That is surprising. Note that local calling areas are in reference to a particular exchange, not to a whole area -- Oak Ridges is a local call both to 416 and to Newmarket; parts of Mississauga are a local call both to 416 and points west of Mississauga; but Oak Ridges and those parts of Mississauga are not a local call between them.

You beat me to the punch. You can't do a linear map.
I just started working in Aurora and I can call Toronto and Newmarket locally. But not Vaughan, Markham or Richmond Hill.
Someone explained to me that Bell gave residents a choice as to whether they wanted the rest of York Region or Toronto as a local call and they made their choice. That might be apocryphal.
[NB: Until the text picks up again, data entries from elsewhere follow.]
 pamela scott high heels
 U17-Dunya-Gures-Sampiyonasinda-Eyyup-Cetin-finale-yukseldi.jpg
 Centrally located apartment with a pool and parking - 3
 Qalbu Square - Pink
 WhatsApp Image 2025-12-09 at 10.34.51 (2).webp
As for the Wiki entry, it's dumb to have it apply to the old city of Toronto and we're at least 25 years past when Scarborough, North York etc were "outer surburbs." Anyone who goes to Wikipedia would certianly want info on TO as currently constituted. A sub-entry on the old city should be another entry.
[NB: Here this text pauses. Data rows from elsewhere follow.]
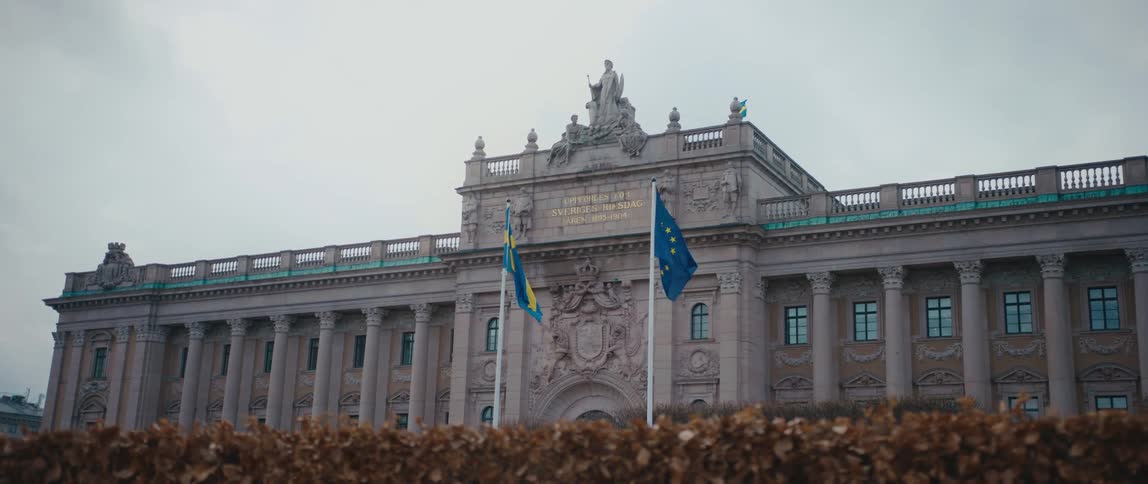 A government building under a cloudy daytime sky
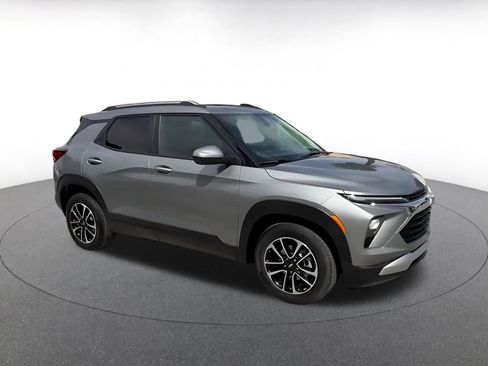 Used 2025 Chevrolet TrailBlazer LT image 2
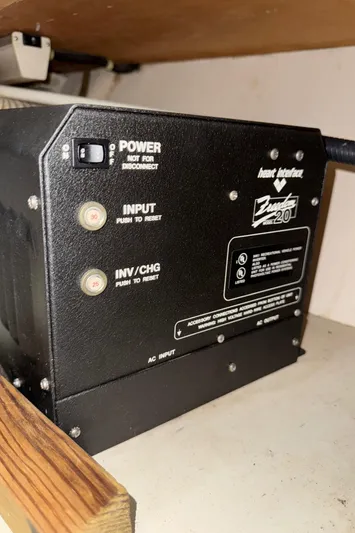 Hms Fox Yacht Photos Pics 2K Inverter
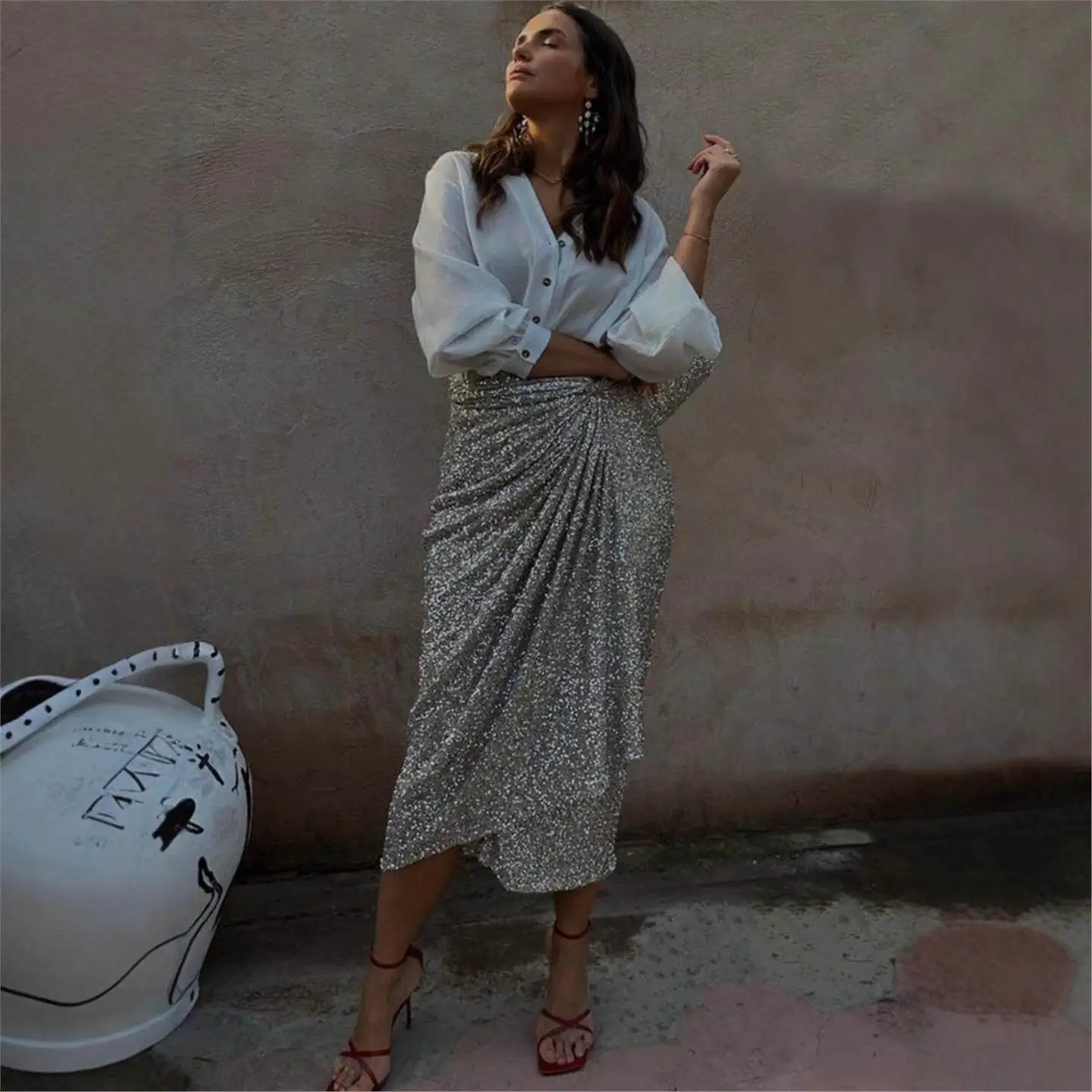 Fashionable Beaded Split Wrap Skirt Asymmetrical Hem Batwing Sleeve PU Leather mid Waist PVC Fabric Embroidery Detail
Fashionable Beaded Split Wrap Skirt Asymmetrical Hem Batwing Sleeve PU Leather mid Waist PVC Fabric Embroidery Detail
And thanks for those maps. I basically knew the differences but it's great to see them.
 
CDL.TO -- good point; I missed those 519 exchanges (the two Caledon ones). And, echoing TJ, thanks again for those maps.
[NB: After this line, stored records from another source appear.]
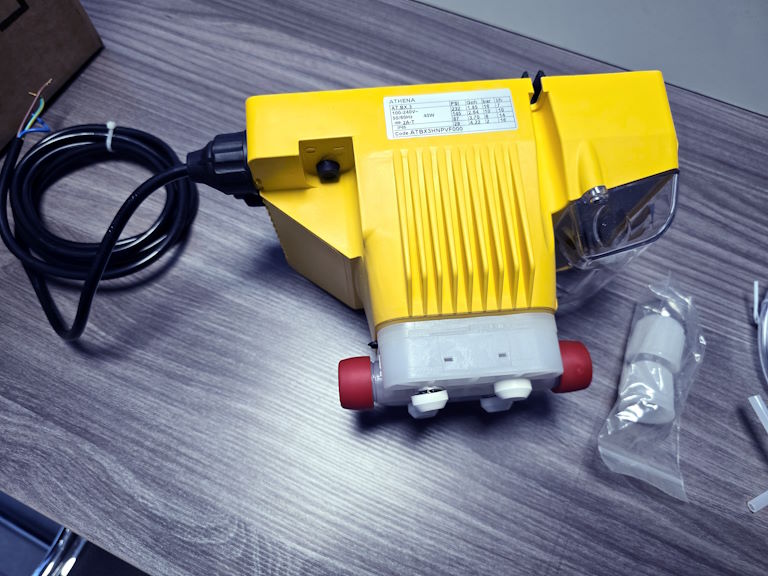 دوزینگ پمپ 10 لیتر بر ساعت 10 بار اینجکتا ATBX3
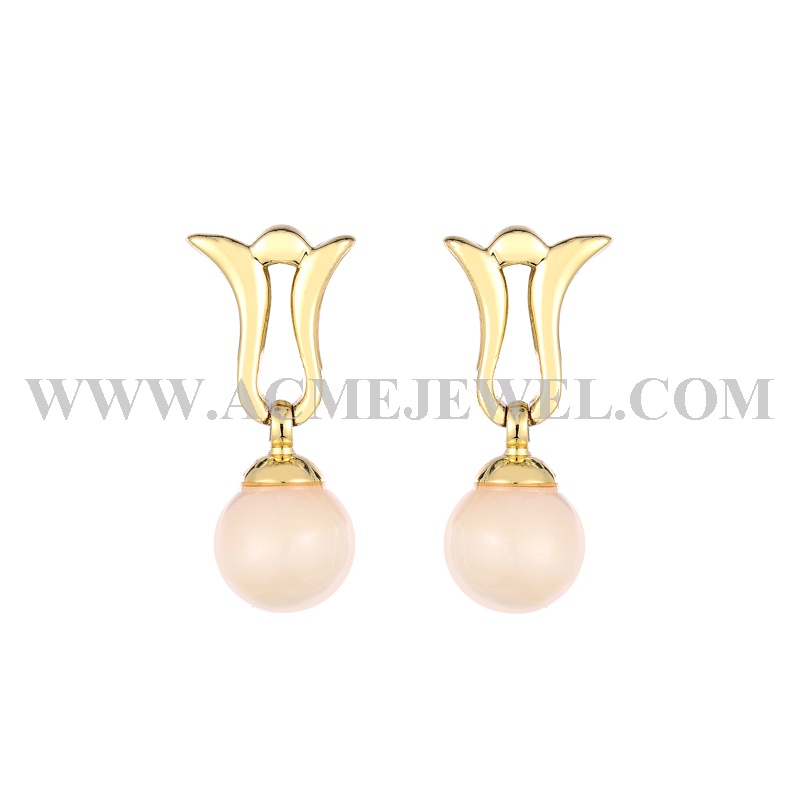 Earrings    Earrings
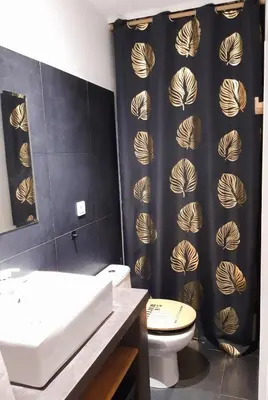 Salle de bains dans l'établissement Cap Corse, face à la mer et port paisible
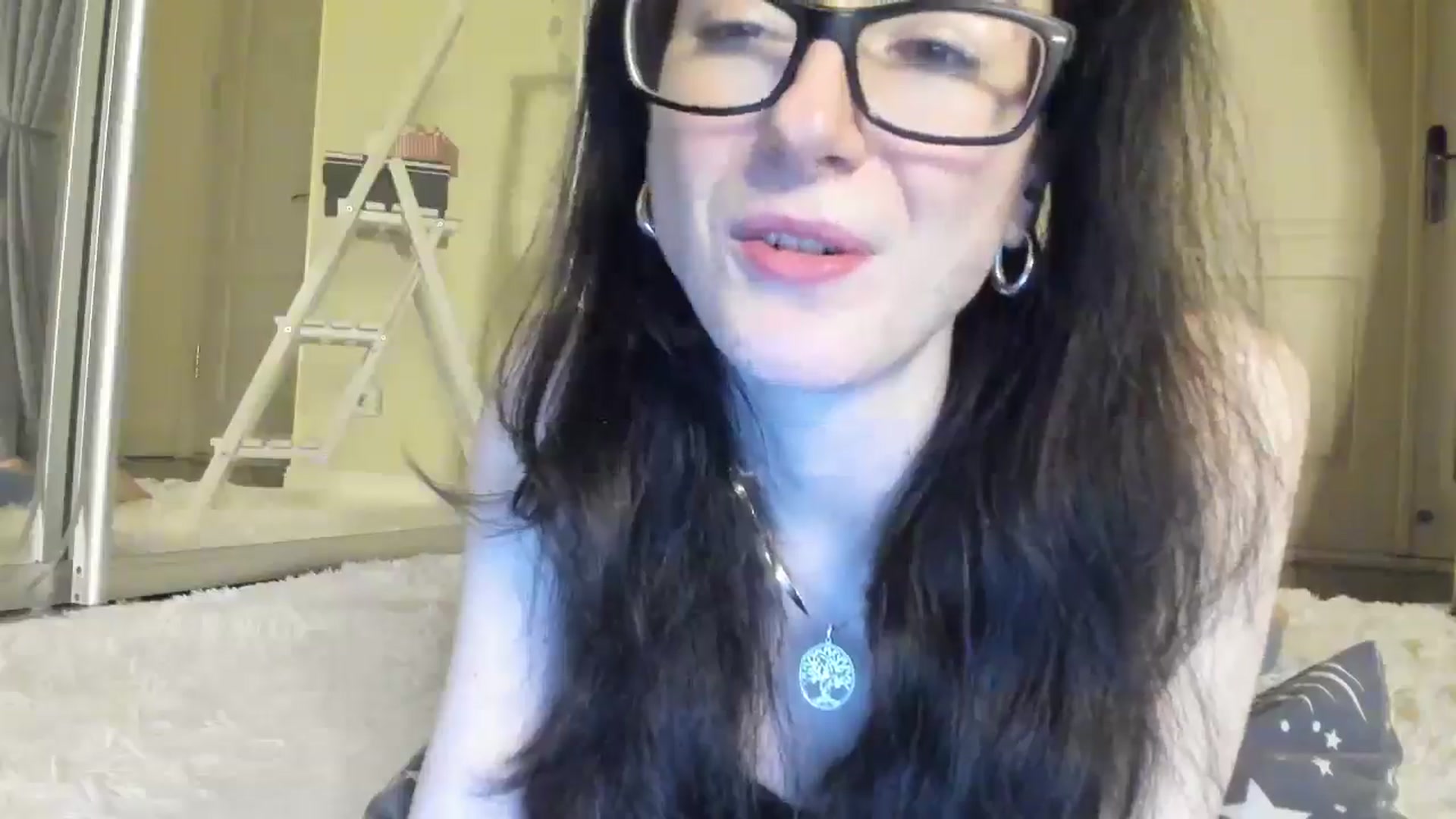 Gallery image thumbnail from Baby_Jewel's myfreecams stream on, 04/05/2025, 15:30 image 19 of 20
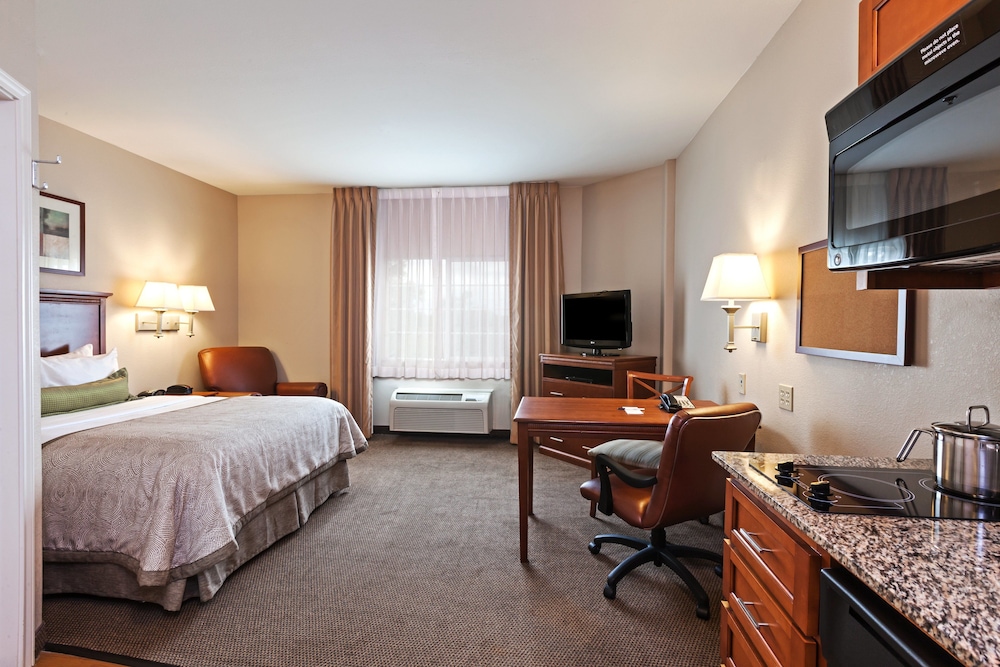 CANDLEWOOD SUITES BAYTOWN 24/58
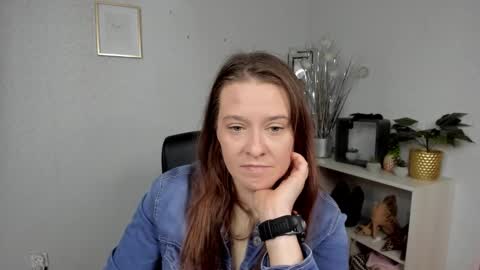 ALESSA online show from June 1, 2026, 5:31 am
Someone explained to me that Bell gave residents a choice as to whether they wanted the rest of York Region or Toronto as a local call and they made their choice. That might be apocryphal.

Sounds right. The CRTC has a long-standing mechanism by which -- and I'm a bit fuzzy on the details -- where a fixed-line phone company wants to expand a local calling area, either of its own motion or because a local government has passed a motion asking the phone company to do so (the phone company is then obliged by the CRTC to look into doing it), and doing so will increase residential retail prices by more than $1 per subscriber, a simple majority of subscribers have to agree to the expanded calling area and price hike in a plebiscite.
 
For the record, the census metropolitan area for New York extends into Pennsylvania. And that for Washington extends into West Virginia. So, if you think Orangeville is bad...
 
Yeah, I was comparing census metropolitan areas by area between Canada and the US, and theirs are massive in comparison. I believe Chicago's spreads across three states. For comparison:

Chicago metro: 28,163 sq km
Toronto metro: 7,125 sq km

To continue with the fun facts (I suppose this relates to the thread because I'm using Wikipedia) at 31,561 sq km, the Golden Horseshoe would be more comparable to American census metropolitan areas. I wonder if one day, in the "crazy future", the entire Golden Horseshoe will start to emerge as one interconnected mega-city. I often entertain myself thinking of the what-ifs and possibilities of the future here.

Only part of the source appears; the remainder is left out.